» Information given
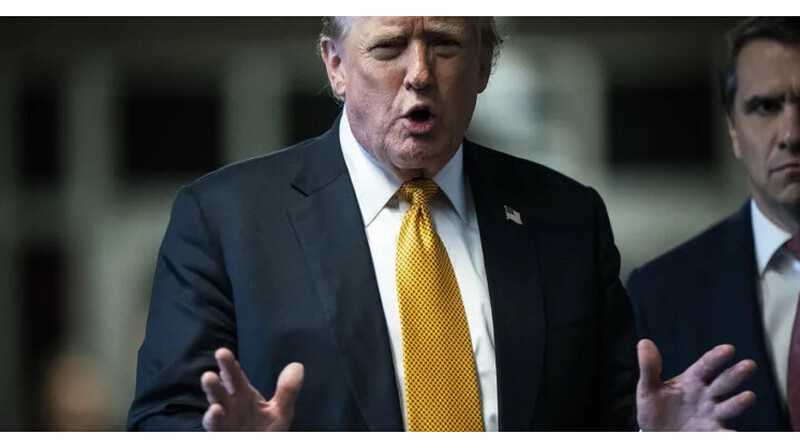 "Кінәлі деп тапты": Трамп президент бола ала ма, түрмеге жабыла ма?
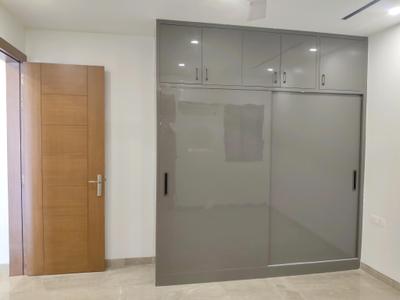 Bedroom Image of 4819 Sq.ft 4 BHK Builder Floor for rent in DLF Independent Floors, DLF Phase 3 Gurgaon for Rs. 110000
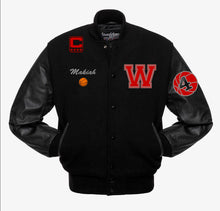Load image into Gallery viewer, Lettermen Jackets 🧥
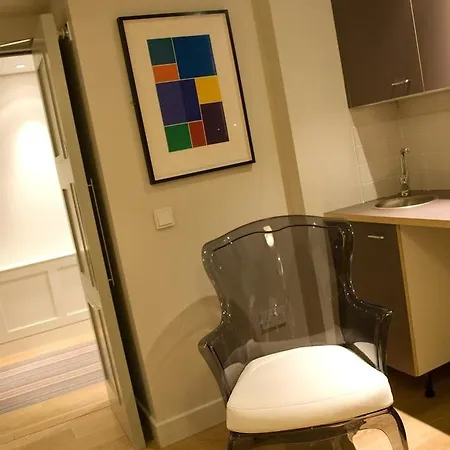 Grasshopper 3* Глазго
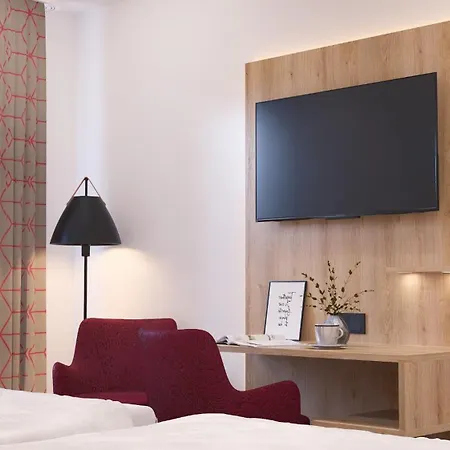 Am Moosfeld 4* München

* * *

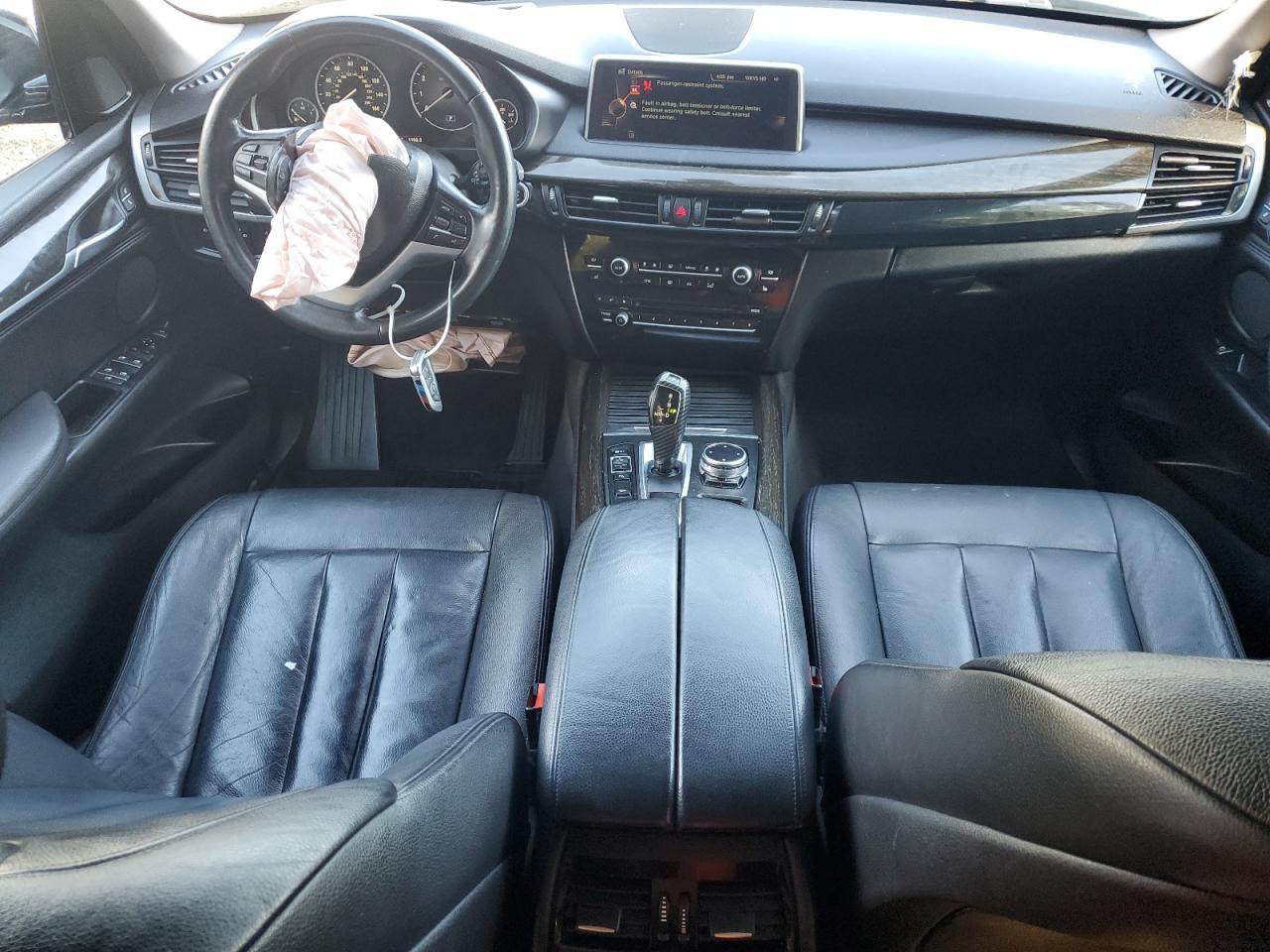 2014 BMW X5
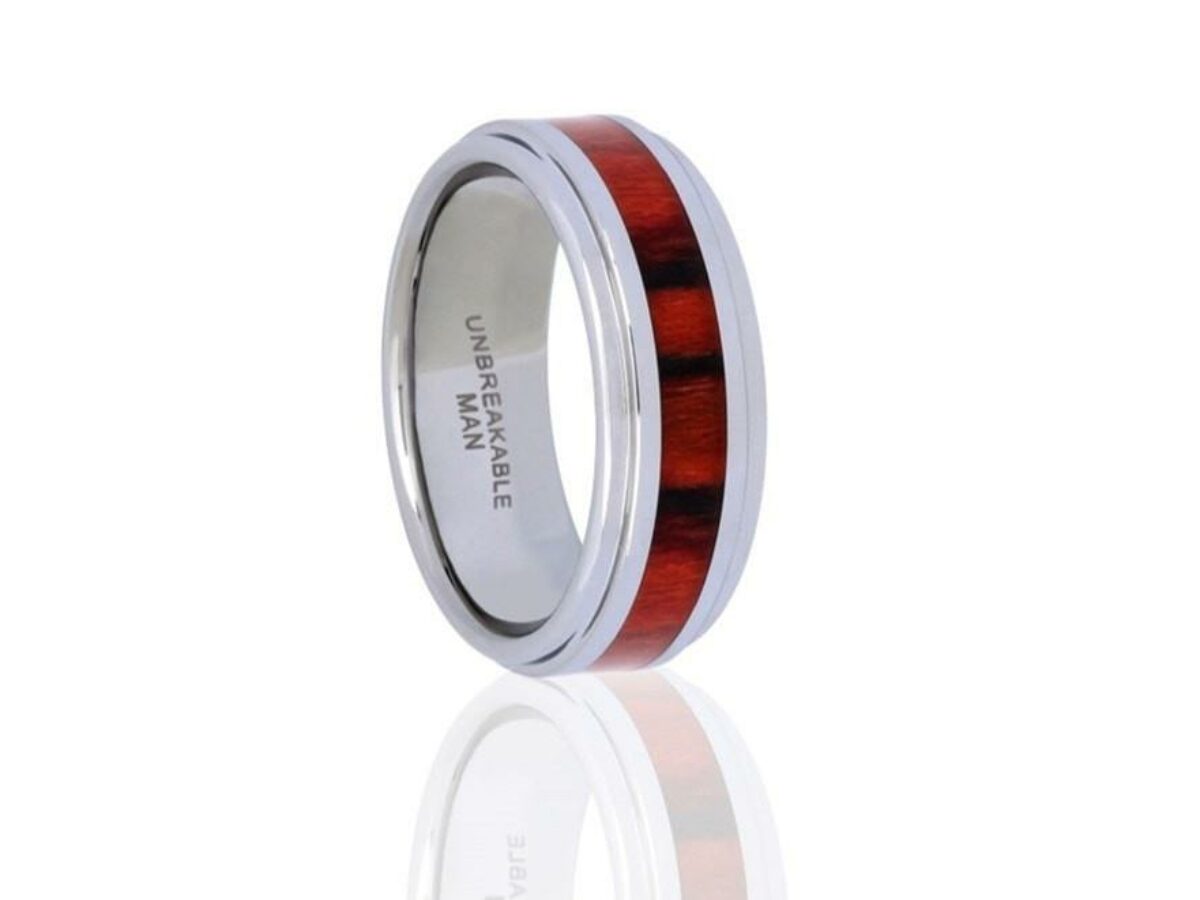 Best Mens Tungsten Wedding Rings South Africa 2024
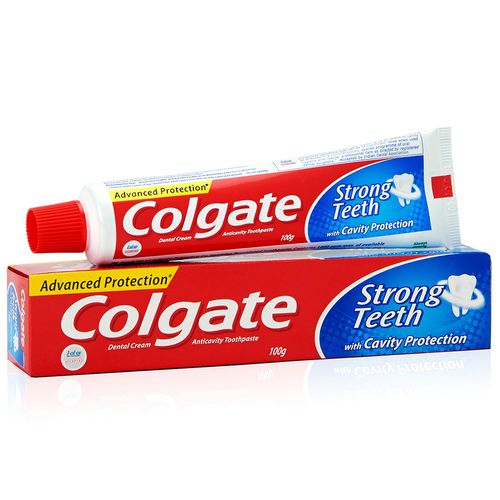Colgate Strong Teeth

==

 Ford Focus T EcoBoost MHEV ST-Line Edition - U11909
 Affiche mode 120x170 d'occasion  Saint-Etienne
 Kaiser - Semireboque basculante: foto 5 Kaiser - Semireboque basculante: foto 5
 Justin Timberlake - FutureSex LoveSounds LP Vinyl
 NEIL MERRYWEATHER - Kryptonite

» Directions for this task
For this exercise, transcribe exactly the part of the records above that opens with the line containing "түрмеге жабыла ма?" and closes with the one containing "Am Moosfeld 4* München". Pictures are not part of the copy.

» Response to the exercise
 "Кінәлі деп тапты": Трамп президент бола ала ма, түрмеге жабыла ма?
 Bedroom Image of 4819 Sq.ft 4 BHK Builder Floor for rent in DLF Independent Floors, DLF Phase 3 Gurgaon for Rs. 110000
Load image into Gallery viewer, Lettermen Jackets 🧥
 Grasshopper 3* Глазго
 Am Moosfeld 4* München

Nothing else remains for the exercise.